Я начал машинально переводить его в привычные километры.
"Речная мера" была самой крупной у египтян для определения
расстояний. Она равнялась двадцати тысячам "локтей" -- это
примерно десять с половиной километров. Значит, в переводе на
километры получается триста тысяч... Да, совершенно точно --
триста тысяч километров. Что?!
Только теперь до меня дошел смысл надписи: "Свет...
движется... триста тысяч километров..."
Мне показалось, что я схожу с ума. Ведь это означает, будто
за много веков до нас Хирен уже знал один из величайших законов
природы, на основе которого Эйнштейн построил всю теорию
относительности: скорость света равна тремстам тысячам километров
в секунду!
Невероятно? Но ведь я вижу эту надпись на стене гробницы
своими собственными глазами.
"Вот если бы я стал доказывать, будто Хирен за тридцать
веков до Эйнштейна вывел формулу E=mc^2 -- вот тогда вы могли бы
отправить меня в сумасшедший дом..." -- вспомнились мне шутливые
слова Моргалова.
Больше я не мог работать и поспешно ушел из гробницы, решив
пока никому не говорить про эту немыслимую надпись.
Весь остаток дня, уединившись в своей палатке, я ломал над
нею голову.
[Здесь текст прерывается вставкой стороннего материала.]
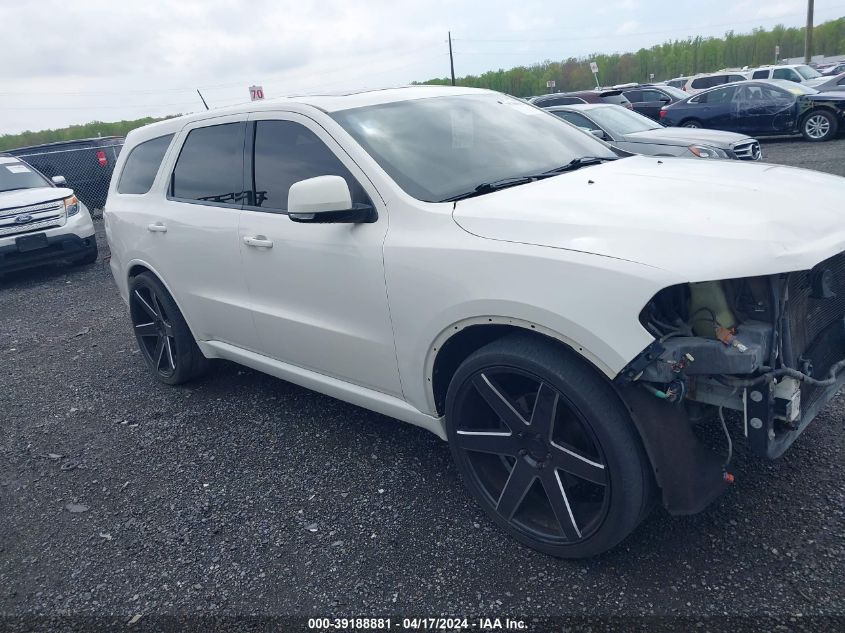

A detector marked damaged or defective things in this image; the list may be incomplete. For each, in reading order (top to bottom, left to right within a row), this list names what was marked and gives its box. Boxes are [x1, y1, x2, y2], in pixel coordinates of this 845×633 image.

Но она была проста до глупости: всего два иероглифа,
не допускающие иных толкований, и цифры -- главное, совершенно
точные, неумолимые цифры -- триста тысяч...
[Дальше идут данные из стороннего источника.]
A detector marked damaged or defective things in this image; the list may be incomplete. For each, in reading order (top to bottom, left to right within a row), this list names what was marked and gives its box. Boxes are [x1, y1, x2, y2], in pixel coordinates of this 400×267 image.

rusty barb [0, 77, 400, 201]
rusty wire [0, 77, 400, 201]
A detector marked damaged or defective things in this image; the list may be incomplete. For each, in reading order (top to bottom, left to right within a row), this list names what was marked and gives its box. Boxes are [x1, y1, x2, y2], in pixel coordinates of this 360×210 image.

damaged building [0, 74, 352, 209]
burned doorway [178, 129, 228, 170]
Чувствуя, что голова опять начинает кругом идти, я взялся за
надпись в картуше. Вот она-то, наоборот, выглядела совершенно
темной и запутанной.
-- Дом... дерево... престол, -- бормотал я. -- Или может:
"пр" и "ст", но что это означает? И при чем тут тогда дерево?..
Утром я собирался пораньше отправиться в гробницу, чтобы все
проверить на свежую голову. Но не успели мы позавтракать, как в
лагерь буйной толпой ворвались репортеры и засыпали меня градом
вопросов:
-- Куда ведет открытый вами потайной ход?
-- Почему вы не допускаете в него прессу?
-- Вечно у русских какие-то секреты!
Откуда они пронюхали о нем? Мы с Сабиром договорились
держать наше открытие в тайне. Содержания радиограммы никто не
знал, кроме нашего радиста, а в нем я совершенно уверен.
Вероятно, проболтался кто-то из рабочих.
Мне не оставалось ничего другого, как только сказать, что
действительно вчера был обнаружен неизвестный ранее ход, но
поскольку он еще не исследован и доступ в него закрыт до
возвращения доктора Шакура, я не считаю возможным устраивать
никаких скороспелых пресс-конференций.
-- А меня вы тоже отказываетесь пропустить в гробницу, чтобы
ознакомиться с потайной дверью? -- вдруг услышал я голос Вудстока
и быстро отыскал его взглядом в толпе журналистов.
Вопрос был столь наглым, что я растерянно пробормотал:
-- А вас-то по какому, собственно, праву?
-- Ну, хотя бы по праву первооткрывателя этой гробницы, --
спокойно ответил Вудсток, пробираясь сквозь толпу ко мне.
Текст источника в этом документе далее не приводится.